Friday 29-January-10

Illusory suddenness

I went to another great lecture recently at the wonderful RSA. This time there were two neuroscientists and two philosophers duking it out over free will and choice. The keynote was by Professor Patrick Haggard who told the story of the famous Libert experiment. Benjamin Libert conducted a simple but remarkable experiment in 1983 that still fascinates psychologists and neuroscientists. All he did was to ask people to press a big red button at any moment of their choosing. He also had their brains wired up so he could measure the electric potential across the scalp that indicated deeper neural machinations.

Libert's remarkable findings was that the brain shows activity about 200ms before we consciously think we have decided to press the button, with the tantalizing implication that our subconscious mind decides before our conscious kicks in. The frightening subsequent conclusion is that it's our subconscious that is driving the bus, and that maybe consciousness is some kind of illusion. Since 1983, scans with more sophisticated fMRI equipment have confirmed the finding, that conscious choice happens after the brain starts moving.
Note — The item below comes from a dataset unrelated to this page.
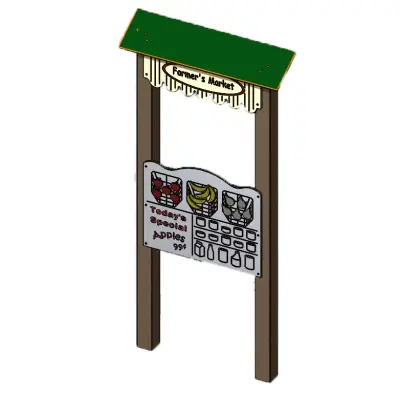 Farmers Market Stand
It made me wonder about how decisions appear. The language of decision-making implies that choice is a sudden, digital step-function, where we think thoughts and reach logical conclusions. But the brain is not a computer and, as Libert's graphs show, what is actually happening is a varying analogue of electrical potential that, when slowed down, can be experienced as an increasing pressure that leads to a realization and 'decision'. Our experience is limited by our ability to perceive the passage of time, and when we seem to make a sudden choice, it may just be that we cannot perceive a rapid rise in neural potential. It may thus be that the apparent suddenness of choice is illusory.

I got to ask a question and queried this point. I know I'd hit the button when they started nodding and an interesting debate ensued, including the whole question of illusion and the irreversibility of physical action.

It's nice when you think about something and the idea gets recognized as having some merit. I went home, feeling pleasantly chuffed and still pondering how my subconscious came quickly or slowly to the conclusion about illusory suddenness.